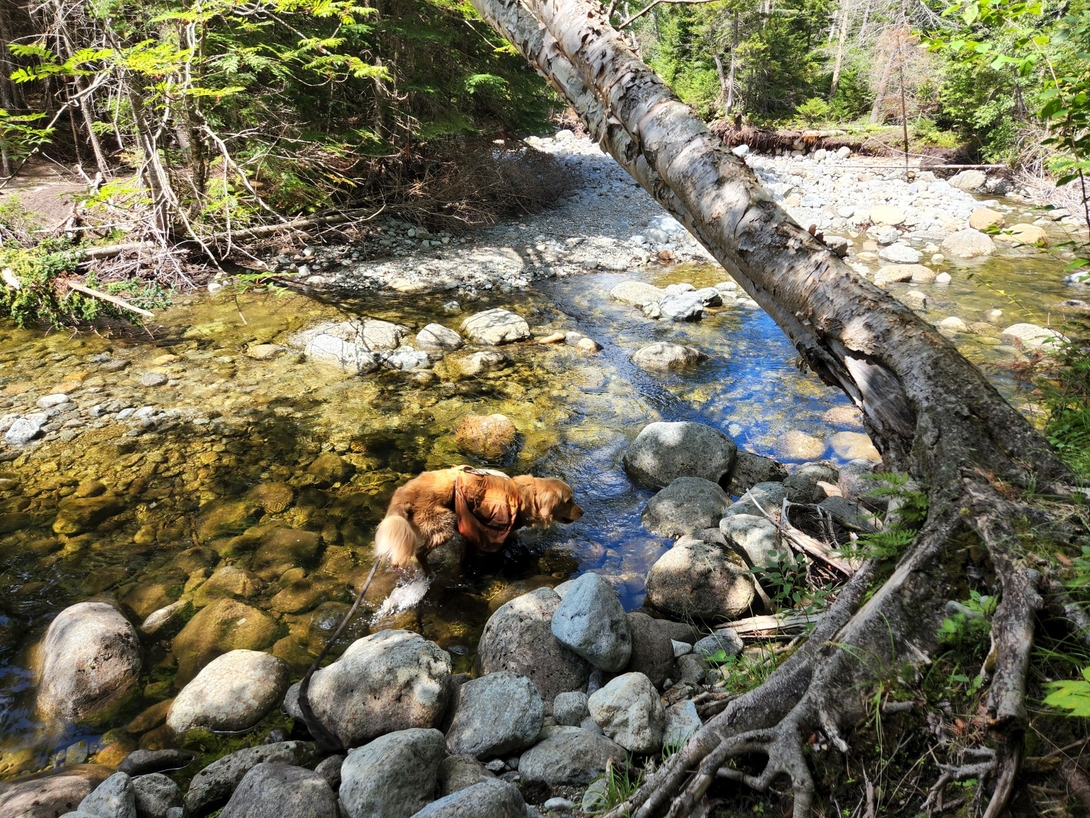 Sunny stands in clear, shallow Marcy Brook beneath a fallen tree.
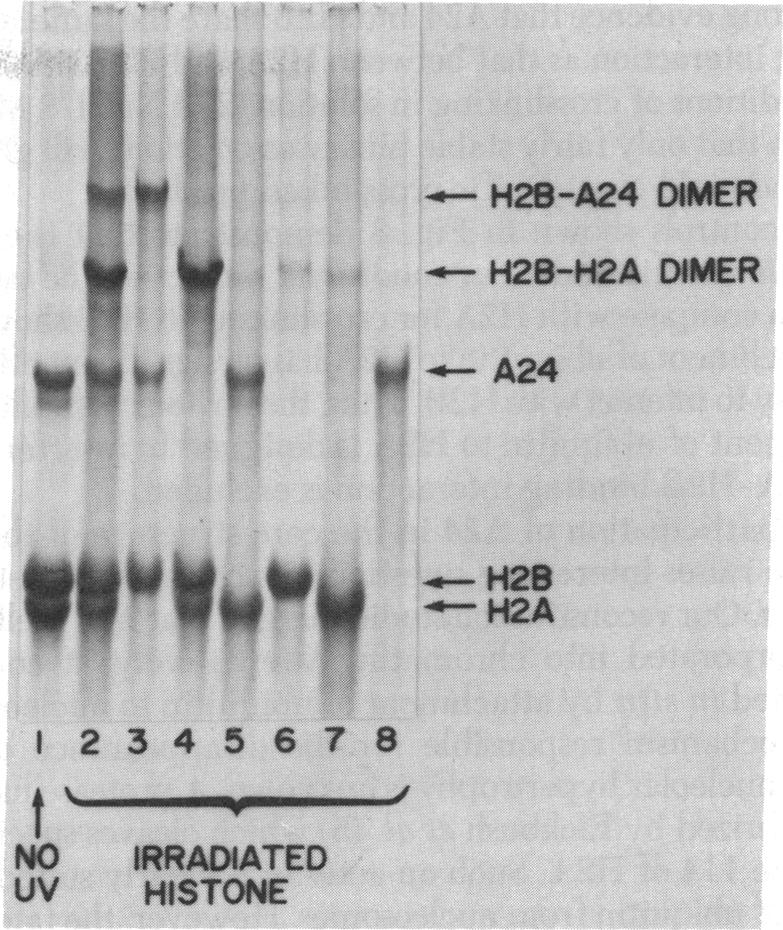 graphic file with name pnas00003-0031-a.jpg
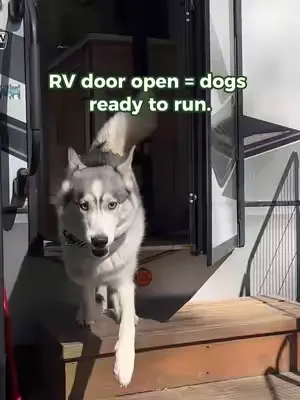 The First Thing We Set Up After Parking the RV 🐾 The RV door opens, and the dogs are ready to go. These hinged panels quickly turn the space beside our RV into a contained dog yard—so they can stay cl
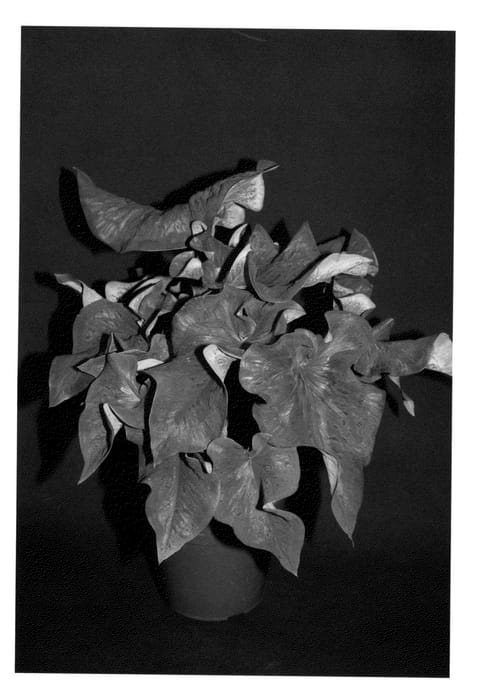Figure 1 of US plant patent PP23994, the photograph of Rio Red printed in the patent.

**Task item:** Could you return the entire listing above verbatim while dropping each picture?

**Task result:**
 Sunny stands in clear, shallow Marcy Brook beneath a fallen tree.
 graphic file with name pnas00003-0031-a.jpg
 The First Thing We Set Up After Parking the RV 🐾 The RV door opens, and the dogs are ready to go. These hinged panels quickly turn the space beside our RV into a contained dog yard—so they can stay cl
Figure 1 of US plant patent PP23994, the photograph of Rio Red printed in the patent.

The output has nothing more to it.